Cybersecurity awareness and training solutions company KnowBe4 Africa warns that the volume and sophistication of phishing emails – fraudulent emails designed to steal information and credentials or infect devices with malware –will continue to increase this year.
KnowBe4 Africa content strategy senior VP Anna Collard adds that criminals are likely to start applying artificial intelligence (AI) and new technologies, such as deepfakes, in their social engineering attacks.
She warns, however, that even old-fashioned phishing methods will continue to pay off for criminals because people around the world are distracted and stressed out.
"Further, with the increased dependency on cloud services, there may also be increased risk of cloud jacking attacks – targeted phishing and social engineering attacks with the objective to steal Amazon or Azure administrators’ credentials to take over the victim's cloud infrastructures and accounts."
Similarly, ransomware is also expected to continue to grow in 2021, with attacks that will include extortion schemes threatening to release personal information or other sensitive data.
"A good backup and tested restore will no longer be enough to protect organisations," she adds.
"Coronavirus has forced organisations to move their workforce remotely. We will see a larger investment in remote workers’ security.
"This will probably be a bigger task than most anticipate, requiring a bottom-up review of which security controls are working, and which are not. We will likely see organisations settle on better communication channels, better training and security tools that are less obtrusive to productivity."

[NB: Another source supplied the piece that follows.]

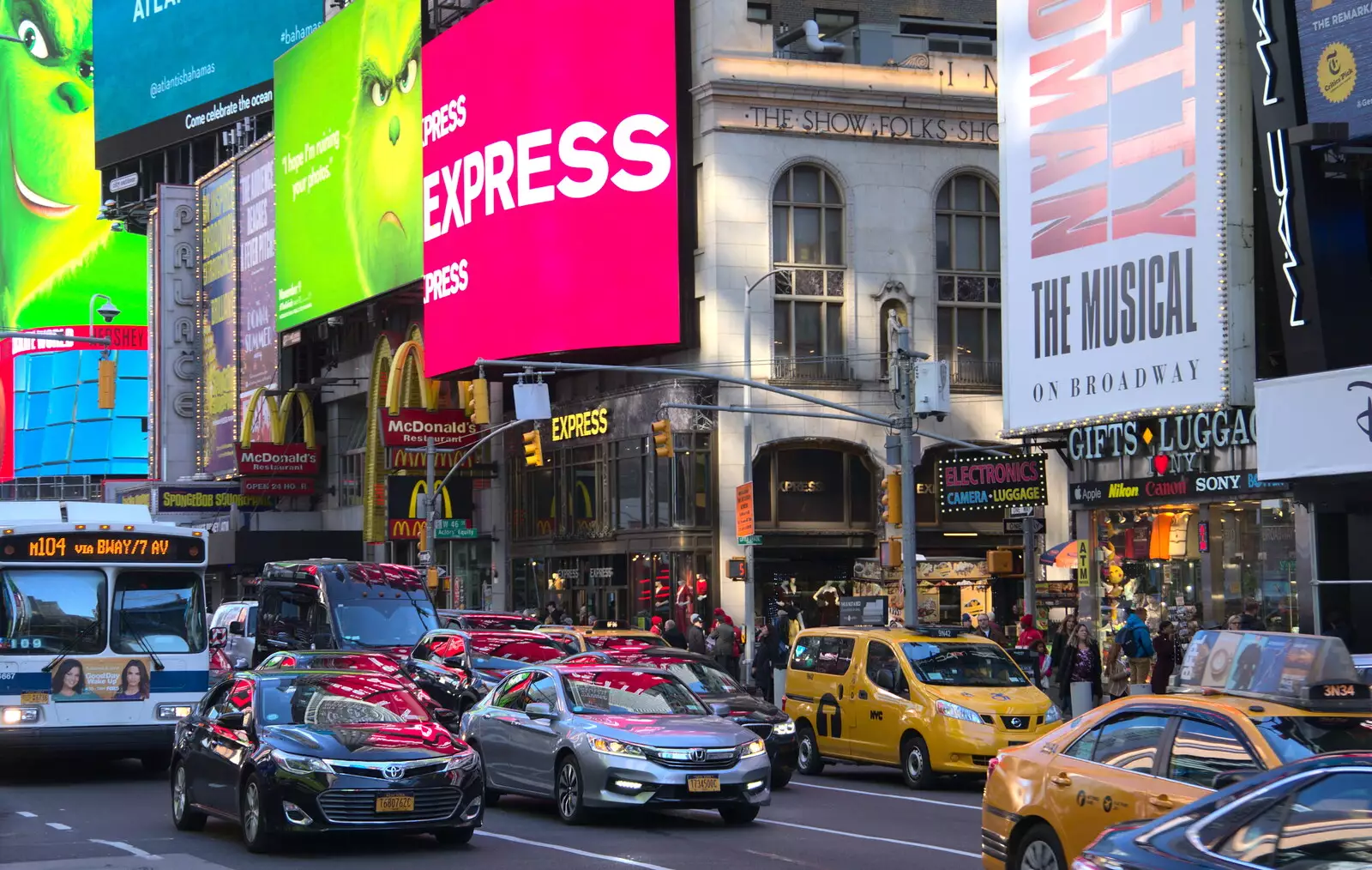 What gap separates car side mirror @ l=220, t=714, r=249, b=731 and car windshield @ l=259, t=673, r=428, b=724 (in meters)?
0.18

Meanwhile, the coming year will be a tipping point for passwords. With advancements and adoption of Fast Identity Online open authentication standards and multifactor authentication, KnowBe4 expects to see an increase in attacks against passwordless technologies.
Consumers will also likely see an increase in WhatsApp and short-message service fraud. Not only will the number of scams increase, but cybercriminals will also become bolder, for example demanding more money and using more forceful and devious techniques to manipulate people into paying, says Collard.

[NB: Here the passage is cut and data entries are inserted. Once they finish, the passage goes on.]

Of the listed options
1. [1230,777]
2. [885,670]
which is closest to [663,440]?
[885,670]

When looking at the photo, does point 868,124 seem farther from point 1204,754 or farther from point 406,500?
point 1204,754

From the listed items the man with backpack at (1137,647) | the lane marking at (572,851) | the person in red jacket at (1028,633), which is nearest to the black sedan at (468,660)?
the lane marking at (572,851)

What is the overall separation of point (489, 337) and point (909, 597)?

"To stay ahead of the ever-evolving threats, the global information security skills base will need to increase in order to cope. Organisations will have to step up security training and awareness programmes and consumers will have to be made aware of the risks they are facing.

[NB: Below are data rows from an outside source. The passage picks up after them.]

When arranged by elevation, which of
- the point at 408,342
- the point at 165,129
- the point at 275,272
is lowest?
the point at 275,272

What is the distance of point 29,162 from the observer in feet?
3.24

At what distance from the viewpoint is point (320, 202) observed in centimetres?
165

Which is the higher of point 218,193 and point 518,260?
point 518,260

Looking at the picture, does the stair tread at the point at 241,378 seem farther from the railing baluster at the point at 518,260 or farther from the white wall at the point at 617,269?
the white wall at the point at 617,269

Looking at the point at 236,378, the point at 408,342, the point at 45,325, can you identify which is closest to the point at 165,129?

"In Africa, specifically, we need to find solutions to protect mobile banking, which includes users performing financial transactions on their mobile devices. There has been an increase in mobile banking trojans and malicious applications in general, which is concerning when coupled with the lack of awareness among mobile users.
"Cybersecurity has to become everyone's responsibility and this culture must permeate every enterprise to better mitigate risks," she says.